An Investment Products List To Diversify Your Portfolio

There are several investment products list to diversify your portfolio. As the economy is changing, many are relying on investing products to secure a comfortable future. Investing can fund retirement, provide extra income or protect against financial difficulties. It could also prevent you from potentially having to open a new startup. In fact, by adding risky assets, investors can minimize overall portfolio risk. As an investor, you can grow your wealth by meeting financial goals and improving your purchase capabilities. Here is a list of investment products to diversify your portfolio.

Exchange-Traded Funds

A popular investment product to diversify your portfolio are exchange-traded funds (ETFs). ETFs combine investor money to purchase a collection of securities. Thus, providing an individual diversified investment. You would buy an ETF like you would a share of an individual stock. ETFs are a fit investment if you have a elongated time period and don’t have a lot of money. Occasionally, ETF share prices are lower than the mutual fund minimum. As a result, you could buy ETFs for lower than the mutual fund minimum investment requirement. Certainly, exchange-traded funds can diversify your portfolio.

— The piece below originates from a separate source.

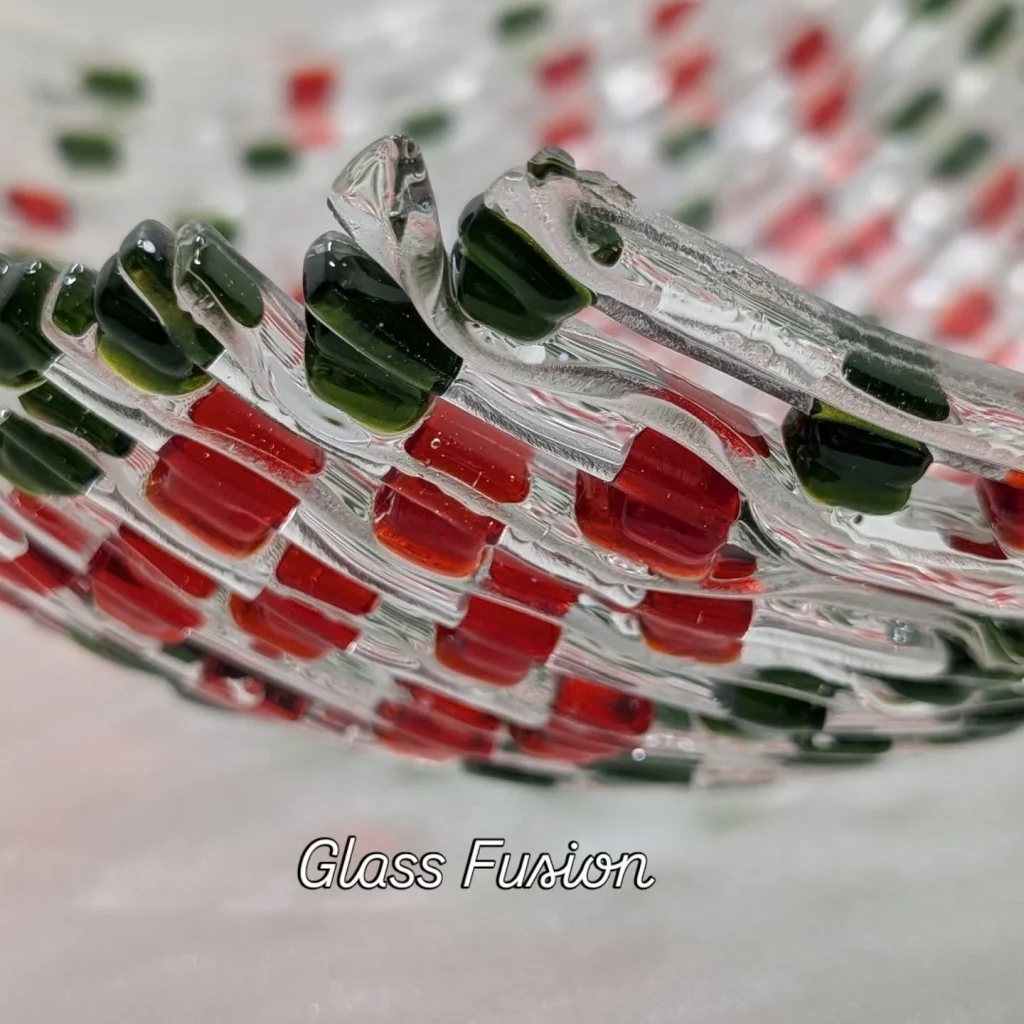 Red & Green Fused-Glass Dish by Larysa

Of course, invest in bonds to diversify your portfolio. Bonds are a loan that you make to a business, government or corporation. In fact, you can invest with short term loans where bonds mature in 5 years or less. You will be repaid the loan amount plus interest payments throughout a specified payment term. There are a variety of bond types to add to your portfolio including agency bonds, corporate bonds and Treasuries. Certainly be cautious because risk depends on the bond type you choose. More so, bonds reduce losses and diversify stock portfolios. Definitely invest in bonds as they are an essential component of a balanced portfolio.

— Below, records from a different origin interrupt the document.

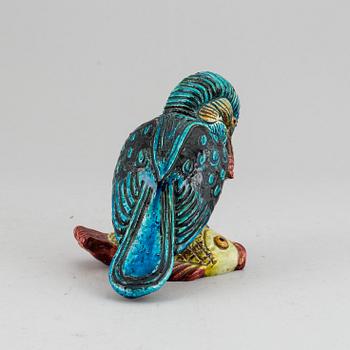 GUNNAR NYLUND, a stoneware sculpture of a Kingfisher, Rörstrand, Sweden mid 200th century.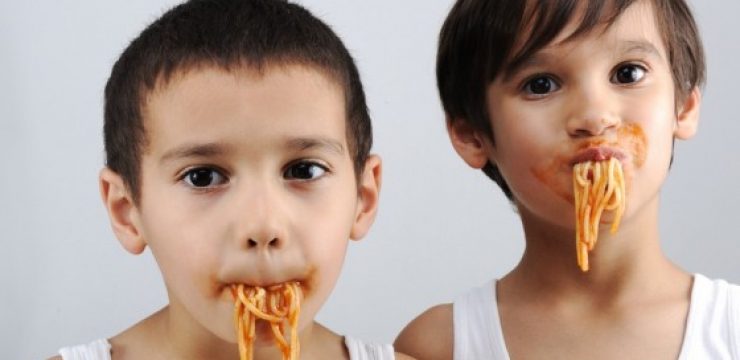 boys-eating-spaghetti.jpg
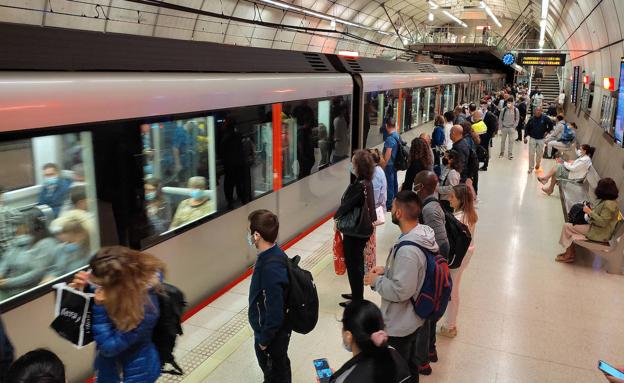 Algunas aglomeraciones en los paros del metro de esta tarde
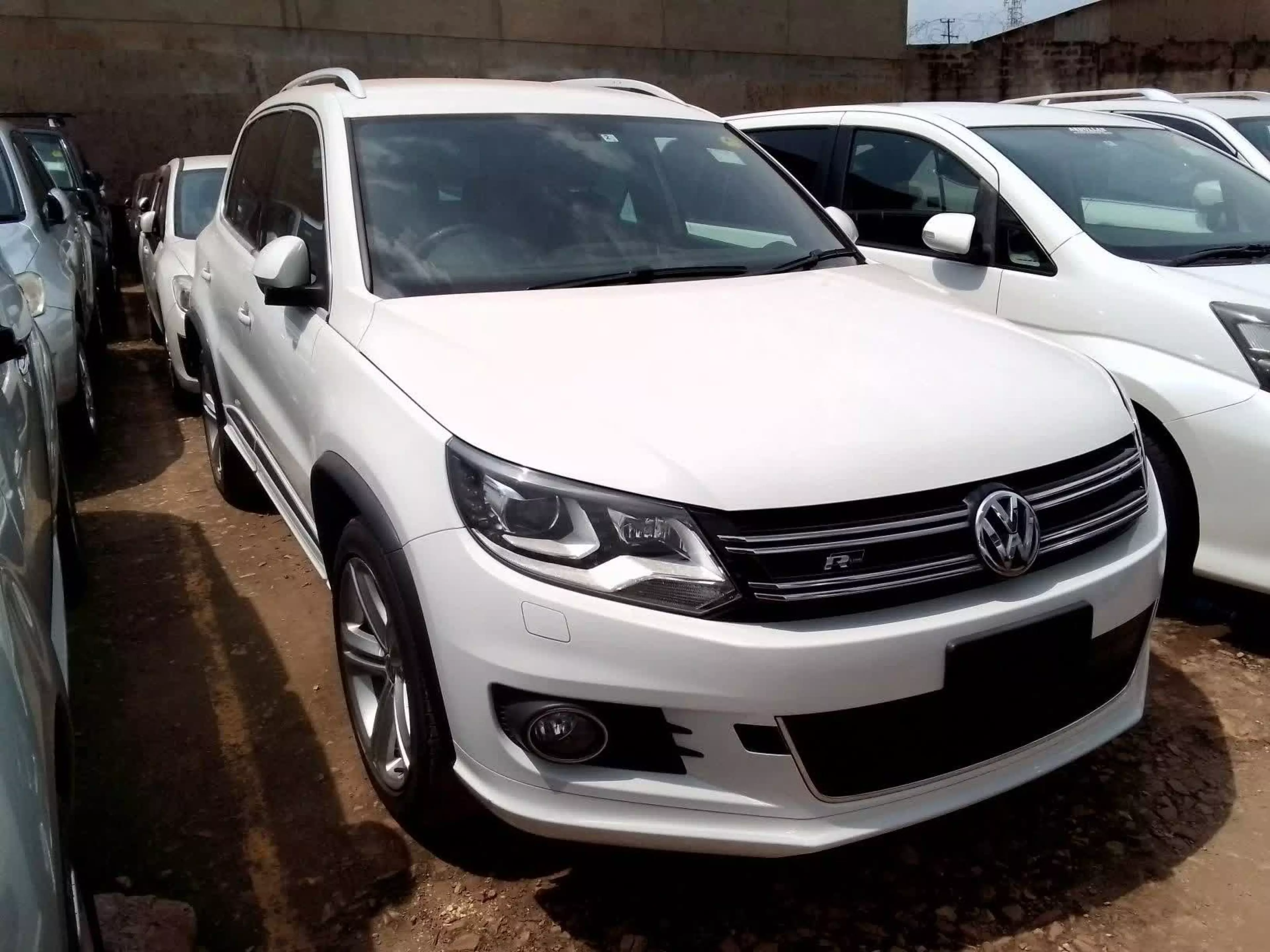 Volkswagen Tiguan - 2013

Next, consider investing in stocks to diversify your portfolio. Invest in low-cost, diversified index funds for a high return with minimal risk. Typically, investors follow the rule of 100 minus your age for investing in stocks. For example, if you are 25 years old, you should invest about 75% of your portfolio into stocks. Or, consider investing in individual stocks for diversification options, risk-adjusted returns and price-to-earnings ratios. However, be cautious about their price volatility. Stocks can be purchased through an online brokerage or a trusted broker. Certainly, diversify your portfolio by investing in stocks.

International Stocks

Consider investing in international stocks to diversify your portfolio. Typically, international stocks perform differently than US stocks. This provides exposure to foreign security opportunities. Additionally, domestic markets such as developed or emerging markets, don’t always fluctuate as the US market does. Therefore, owning US and international investment options can level out portfolio volatility. More so, international stocks offer a higher projected return with a lower risk in your portfolio. Definitely consider investing in international stocks to diversify your portfolio.

Alternative Investments

Finally, diversify your portfolio with alternative investments. Alternative investments add a low correlation with traditional assets to your portfolio. As a result, if the market is performing poorly, your alternatives could still perform well. More common alternative investments include hedge funds, private equity and real estate. Of course, you could also focus on debt investing, commodities, collectibles or structured products. Since alternative investments and the public market are separate, they constitute a great option to diversify your portfolio.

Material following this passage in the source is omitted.